Arthur Koestler, Alberto Camus, Gore Vidal, dom Vicente Scherer, Gustavo Corção, Alberto Marino Jr., São Luis, Martinho Lutero, Santo Agostinho, São Tomás de Aquino e Pio XII todos citados pelo próprio Amaral Neto (Idem, pg. 9).

Nelson Ungria, “A pena de morte pode, excepcionalmente, apresentar-se tão necessária quanto o homicídio no campo de batalha”. Comentário ao Código Penal, Vol I, Tomo II, 4 Ed, Editora Forense. Rio, 1958, p. 471.

Farabulini Júnior, Deputado Federal por São Paulo nos anos 80. (idem p. 31).
Mestre em Direito do Estado pela PUC/SP; - Professor de Cursos de Aperfeiçoamento na OAB

Professor Carlos de Araújo Lima, criminalista, membro da Academia de Letras Jurídicas, autor de vários livros. “O crime avassalador e impune, a justiça ausente ou ineficaz e a impossibilidade de o homem ficar de braços cruzados – eis o triângulo que mata”. Ao homem nessa hipótese não é possível ficar inerte, sem reagir. Mesmo porque, então, ele já estará aplicando a si mesmo a pena de morte. (idem p. 175).

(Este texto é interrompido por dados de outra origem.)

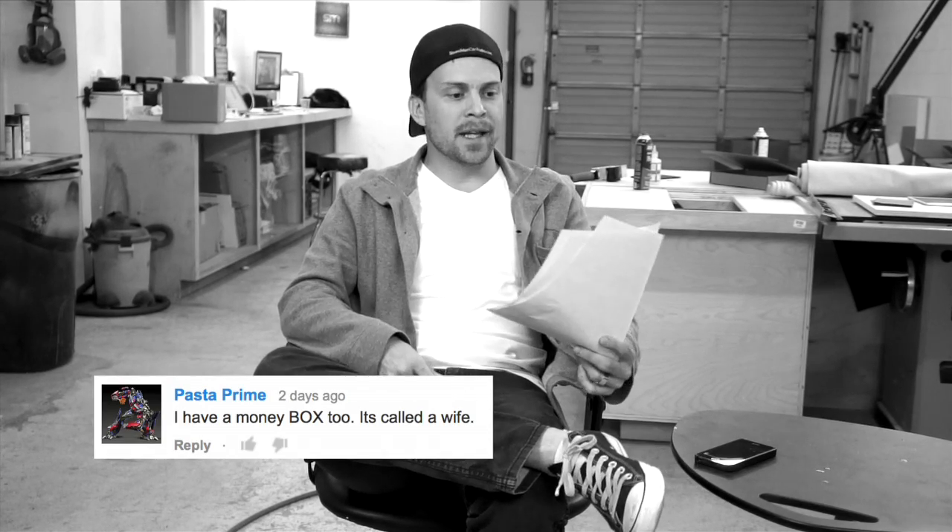A guy said, 'I have a money box too — it's called a wife.' I don't know how to take that. I don't know what that means. Does he put the money in the box, or does he make the money with the box?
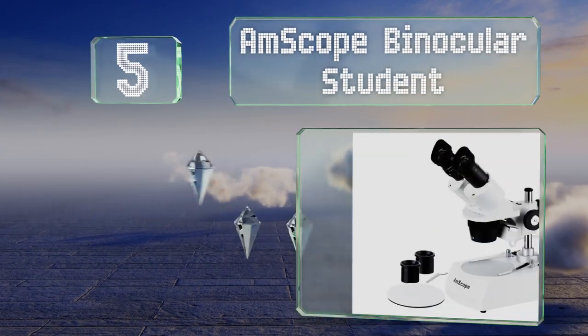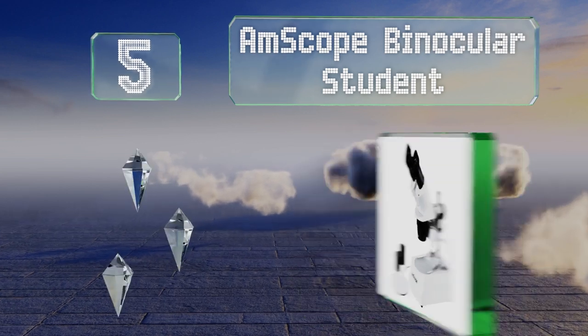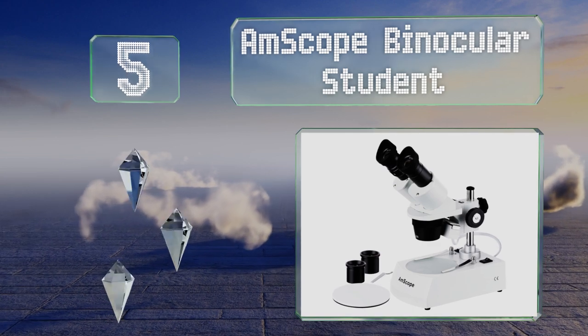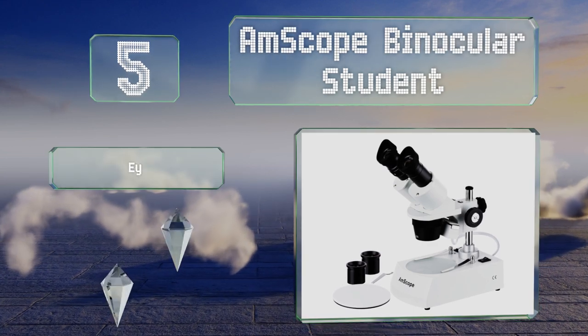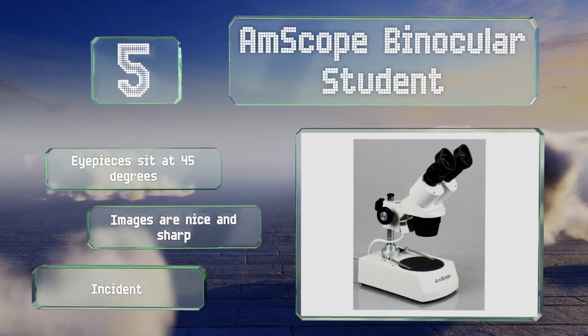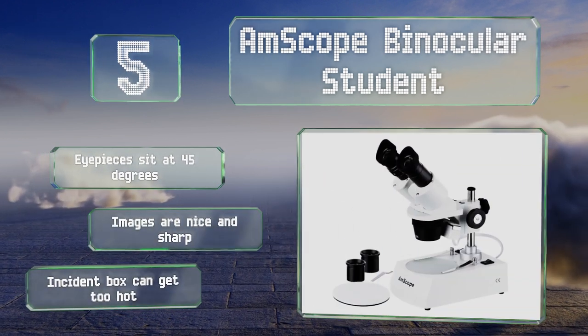At number five, while it doesn't have the same cordless capabilities of its slightly pricier cousin, the AmScope Binocular Student still offers many of that model's other features, like a bright stage light and a trio of magnification options. Its eyepieces sit at 45 degrees and the images are nice and sharp, but its incident box can get too hot.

Ítalo Galli, Desembargador do Tribunal de Justiça, ex-presidente do Tribunal de Alçada Criminal, “A pena de morte, além dos inesgotáveis benefícios que traz à sociedade, enseja ao réu a sua convertio ad Deus, como o bom Ladrão que ganhou o céu graças à pena de morte”. . (idem p. 175).

Alberto Marino Júnior, Desembargador do Tribunal de Alçada Criminal de São Paulo, “O latrocínio, o homicideo mercenário e aquele praticado pelo prazer do mal, a extorsão mediante seqüestro seguida de morte, o estupro e o atentado violento ao pudor seguido de morte, o trafico profissional mercenário de entorpecentes, todos esses crimes, em caso de reincidência, estão a clamar pela pena de morte”. (idem p. 176)

Francisco Cezar Pinheiro Rodrigues, Desembargador do tribunal de justiça de São Paulo, “É intuitivo que a pena de morte intimida mais que a simples prisão, sujeita a sucessivas reduções de pena, e com alguma possibilidade de fuga seria muito mais remota. Dizer que a morte não intimida é desconhecer o sofrimento moral que acomete o condenado à morte enquanto aguarda o dia da execução.” (idem p. 177).

Paulo José da Costa Júnior, Titular de direito Penal da Usp, “Quero que saibam que também eu, depois de ter sustentado opinião contrária à pena de morte, sou inteiramente favorável a ela nos dias atuais” . (idem p. 175).

Sezare Bonesan (Marquês de Beccaria), “A morte de um cidadão apenas pode ser tida como precisa, por razões: nos instantes confusos em que a nação está na dependência de recuperar ou perder a sua liberdade, nos períodos de confusão, quando se substitui as leis pela desordem e quando um cidadão, embora sem sua liberdade, pode ainda, graças as suas relações e ao seu crédito, atentar contra a segurança pública e sua existência, podendo acarretar uma revolução perigosa no governo estabelecido”.
“Sob o reinado calmo das leis, em uma forma de governo aprovada por toda a nação, em um Estado que esteja bem definido no exterior e no interior, sustido pela força e pela opinião, que talvez seja ainda mais forte do que a própria força, em um pais onde o próprio soberano exerce autoridade, onde as riquezas apenas podem representar prazer e não poder, não deve existir qualquer necessidade de tirar a existência de um cidadão, a não ser que a morte seja o único freio que possa obstar novos crimes” . (idem p. 178, 179).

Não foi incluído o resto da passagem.